| WHAT YOU NEED TO DO |
Beneath this instruction is a block of data; output from it exactly the lines that run from the one containing "Charm Lavendel Marine" through the one containing "Lambskin Quilted Small", inclusive.

| STORED DATA |
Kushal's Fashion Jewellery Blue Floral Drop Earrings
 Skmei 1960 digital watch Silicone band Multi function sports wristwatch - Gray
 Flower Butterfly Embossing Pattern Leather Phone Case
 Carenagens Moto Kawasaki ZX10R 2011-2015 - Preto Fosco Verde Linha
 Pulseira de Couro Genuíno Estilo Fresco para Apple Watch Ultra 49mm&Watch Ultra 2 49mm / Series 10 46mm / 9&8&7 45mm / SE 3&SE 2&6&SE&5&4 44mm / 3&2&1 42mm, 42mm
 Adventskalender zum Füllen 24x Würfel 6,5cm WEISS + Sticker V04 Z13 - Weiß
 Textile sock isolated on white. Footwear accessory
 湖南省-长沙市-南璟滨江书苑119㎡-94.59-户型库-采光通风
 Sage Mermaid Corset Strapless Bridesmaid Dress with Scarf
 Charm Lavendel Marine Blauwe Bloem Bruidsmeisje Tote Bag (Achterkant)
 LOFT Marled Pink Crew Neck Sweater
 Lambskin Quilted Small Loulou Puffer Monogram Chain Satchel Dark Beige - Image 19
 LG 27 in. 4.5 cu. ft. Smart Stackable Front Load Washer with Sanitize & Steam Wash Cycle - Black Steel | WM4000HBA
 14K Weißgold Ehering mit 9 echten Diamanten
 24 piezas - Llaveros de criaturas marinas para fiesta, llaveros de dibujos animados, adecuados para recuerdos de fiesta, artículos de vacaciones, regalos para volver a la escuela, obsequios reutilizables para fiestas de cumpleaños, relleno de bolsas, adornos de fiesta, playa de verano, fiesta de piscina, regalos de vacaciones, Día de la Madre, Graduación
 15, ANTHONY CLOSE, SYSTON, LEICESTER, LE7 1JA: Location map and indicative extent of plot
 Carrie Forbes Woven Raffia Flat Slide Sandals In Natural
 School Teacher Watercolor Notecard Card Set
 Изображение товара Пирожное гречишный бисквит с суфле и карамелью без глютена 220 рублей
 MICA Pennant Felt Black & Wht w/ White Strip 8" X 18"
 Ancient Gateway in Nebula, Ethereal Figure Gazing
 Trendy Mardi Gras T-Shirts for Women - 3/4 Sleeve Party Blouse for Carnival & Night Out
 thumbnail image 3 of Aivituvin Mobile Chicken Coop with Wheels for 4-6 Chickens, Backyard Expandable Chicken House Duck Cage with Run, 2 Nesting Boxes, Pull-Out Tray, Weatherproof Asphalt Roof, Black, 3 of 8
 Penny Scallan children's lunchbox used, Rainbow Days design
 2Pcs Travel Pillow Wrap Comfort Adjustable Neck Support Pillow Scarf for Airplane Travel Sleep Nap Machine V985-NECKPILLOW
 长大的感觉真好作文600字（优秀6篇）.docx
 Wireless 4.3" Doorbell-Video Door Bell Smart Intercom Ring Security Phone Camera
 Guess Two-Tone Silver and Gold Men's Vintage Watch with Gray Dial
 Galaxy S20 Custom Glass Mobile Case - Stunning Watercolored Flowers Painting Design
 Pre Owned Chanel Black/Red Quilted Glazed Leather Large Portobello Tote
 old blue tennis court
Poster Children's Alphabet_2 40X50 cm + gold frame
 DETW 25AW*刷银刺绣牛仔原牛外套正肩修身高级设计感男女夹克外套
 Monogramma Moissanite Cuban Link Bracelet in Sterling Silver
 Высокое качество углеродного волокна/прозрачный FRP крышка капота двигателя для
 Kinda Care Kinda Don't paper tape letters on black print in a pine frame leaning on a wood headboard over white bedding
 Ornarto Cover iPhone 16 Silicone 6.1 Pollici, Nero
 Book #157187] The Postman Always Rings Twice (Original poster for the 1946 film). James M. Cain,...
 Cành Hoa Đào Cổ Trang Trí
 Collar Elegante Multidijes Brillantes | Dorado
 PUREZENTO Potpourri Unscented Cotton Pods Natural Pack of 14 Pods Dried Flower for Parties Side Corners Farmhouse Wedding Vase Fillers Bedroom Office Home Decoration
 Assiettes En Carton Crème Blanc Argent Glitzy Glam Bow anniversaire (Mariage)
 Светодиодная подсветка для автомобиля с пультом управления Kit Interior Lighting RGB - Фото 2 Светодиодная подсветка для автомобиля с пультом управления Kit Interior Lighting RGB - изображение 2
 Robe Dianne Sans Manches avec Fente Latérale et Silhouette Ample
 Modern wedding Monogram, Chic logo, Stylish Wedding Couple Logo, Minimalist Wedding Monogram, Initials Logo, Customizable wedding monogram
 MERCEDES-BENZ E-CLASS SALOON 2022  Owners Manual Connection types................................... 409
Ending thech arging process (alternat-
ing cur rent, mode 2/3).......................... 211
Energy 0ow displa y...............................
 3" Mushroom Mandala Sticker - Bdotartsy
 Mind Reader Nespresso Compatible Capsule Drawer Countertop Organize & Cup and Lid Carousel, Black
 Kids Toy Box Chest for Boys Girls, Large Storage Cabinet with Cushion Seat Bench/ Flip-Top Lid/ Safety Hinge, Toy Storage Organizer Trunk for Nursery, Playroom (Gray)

| ANSWER TO THIS PROBLEM |
 Charm Lavendel Marine Blauwe Bloem Bruidsmeisje Tote Bag (Achterkant)
 LOFT Marled Pink Crew Neck Sweater
 Lambskin Quilted Small Loulou Puffer Monogram Chain Satchel Dark Beige - Image 19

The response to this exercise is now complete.